Your answer should consist only of the lines below from the one with "carpeted dining room" through the one with "Gamer bunny with", copied exactly.

▼

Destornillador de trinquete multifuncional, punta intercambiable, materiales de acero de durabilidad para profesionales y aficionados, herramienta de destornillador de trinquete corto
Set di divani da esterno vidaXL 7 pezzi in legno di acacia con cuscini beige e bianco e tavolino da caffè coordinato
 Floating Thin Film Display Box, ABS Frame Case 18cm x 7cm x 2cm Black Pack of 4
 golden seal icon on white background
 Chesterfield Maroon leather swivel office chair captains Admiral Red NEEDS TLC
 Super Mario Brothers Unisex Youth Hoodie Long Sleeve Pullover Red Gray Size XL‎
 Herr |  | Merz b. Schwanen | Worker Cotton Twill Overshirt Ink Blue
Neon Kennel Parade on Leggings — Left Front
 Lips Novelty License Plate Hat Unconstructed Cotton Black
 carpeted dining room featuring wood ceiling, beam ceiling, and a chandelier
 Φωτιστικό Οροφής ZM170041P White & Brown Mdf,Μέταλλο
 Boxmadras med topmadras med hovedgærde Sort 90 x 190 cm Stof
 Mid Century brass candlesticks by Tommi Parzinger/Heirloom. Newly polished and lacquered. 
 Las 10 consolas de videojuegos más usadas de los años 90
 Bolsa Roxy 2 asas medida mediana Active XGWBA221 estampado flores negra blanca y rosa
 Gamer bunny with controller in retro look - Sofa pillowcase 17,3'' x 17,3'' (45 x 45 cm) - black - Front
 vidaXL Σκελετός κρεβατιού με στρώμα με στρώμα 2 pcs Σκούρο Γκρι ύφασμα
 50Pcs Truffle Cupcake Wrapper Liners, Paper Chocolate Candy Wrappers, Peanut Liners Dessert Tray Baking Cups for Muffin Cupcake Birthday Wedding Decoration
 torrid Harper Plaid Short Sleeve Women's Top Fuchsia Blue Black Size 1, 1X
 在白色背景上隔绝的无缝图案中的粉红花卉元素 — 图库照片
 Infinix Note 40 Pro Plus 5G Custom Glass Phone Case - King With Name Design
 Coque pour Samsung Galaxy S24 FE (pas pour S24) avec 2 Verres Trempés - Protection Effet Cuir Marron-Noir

▲

SOLUTION BELOW |
 carpeted dining room featuring wood ceiling, beam ceiling, and a chandelier
 Φωτιστικό Οροφής ZM170041P White & Brown Mdf,Μέταλλο
 Boxmadras med topmadras med hovedgærde Sort 90 x 190 cm Stof
 Mid Century brass candlesticks by Tommi Parzinger/Heirloom. Newly polished and lacquered. 
 Las 10 consolas de videojuegos más usadas de los años 90
 Bolsa Roxy 2 asas medida mediana Active XGWBA221 estampado flores negra blanca y rosa
 Gamer bunny with controller in retro look - Sofa pillowcase 17,3'' x 17,3'' (45 x 45 cm) - black - Front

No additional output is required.